Un crimen. Y ése es otro problema añadido. Etiquetar el crimen como crimen «de género» quizá está produciendo el efecto contrario al buscado, una perversa comprensión o costumbre, algo comparable -salvando la mucha distancia, discutir esto resulta muy delicado pero las mujeres muertas nos vuelven a decir que es necesario- a lo que sentimos cuando se nos dice que un asesinato fue por un «ajuste de cuentas», parece que eso nos aleja de la monstruosidad que supone arrancar una vida de forma violenta, nos lo justifica en cierto modo. Un crimen contra una mujer es un crimen tan brutal o más que cualquier otro perpetrado contra alguien a quien se maltrató o arrancó la vida. No se justifica ni en el ámbito de lo privado ni en el sociológico ni en el educativo. Pero, sin embargo, en esos ámbitos, a diferencia de otros crímenes, sí se puede trabajar más y mejor para evitarlos.

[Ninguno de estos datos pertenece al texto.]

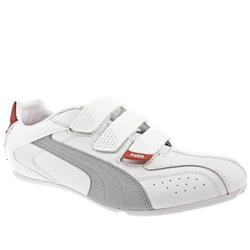 Puma Male Richmond V1.2 Leather Upper Fashion Large Sizes in White and Grey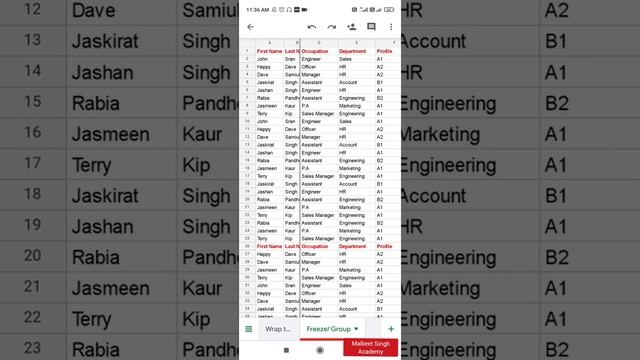 How to freeze Columns in Google sheets Mobile App || How to create groups and split sheet in Sheets смотреть онлайн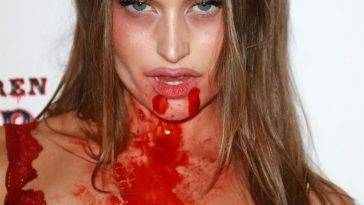 Bloody Lexi Wood Poses on the Red Carpet at the CARN*EVIL Halloween Party on adultfans.net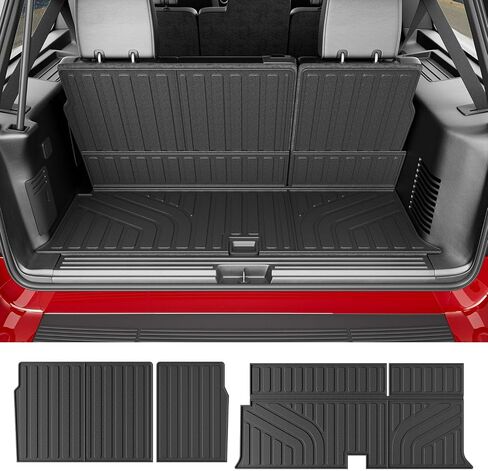 powoq Cargo Mat Compatible with 2003-2017 Ford Expedition Lincoln Navigator Cargo Liner TPE Trunk Mat 3rd Backrest Protector Trunk Liner Replacement for 2003-2017 Ford Expedition Accessories in Saudi Arabia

Karla Jacinto. Lo pienso mientras leo el último sondeo del CEO (esa especie de CIS catalán), donde el independentismo sube entre los 2.000 encuestados. Lo pienso mientras escucho a Karla Jacinto en su discurso ante el Papa en julio. Esta chica, que hoy tiene 23 años, tuvo que aguantar que la violaran 30 hombres al día desde que tenía 12 en Guadalajara, México. La tortura duró hasta unos 40.000 hombres. De algunos comenta que al final de cada día, dolorida y exhausta, la veían llorar y eso les provocaba risa. Pero hay hombres que no pasan por encima de todo, y de todas, para satisfacer sus impulsos u obtener beneficio propio. Uno de ellos es hoy su marido. Karla pertenece a la oenegé Camino a casa y con él y sus dos hijas, una es fruto de lo sufrido mientras estuvo secuestrada, anda luchando por el mundo para que miles de mujeres sean liberadas y vuelvan a sus casas o tengan derecho a tener una donde vivir sin miedo. También me importa que en el último pleno municipal de Málaga se haya votado a favor del derribo del edificio del Astoria. Pero menos. Quizá… Porque hoy es sábado.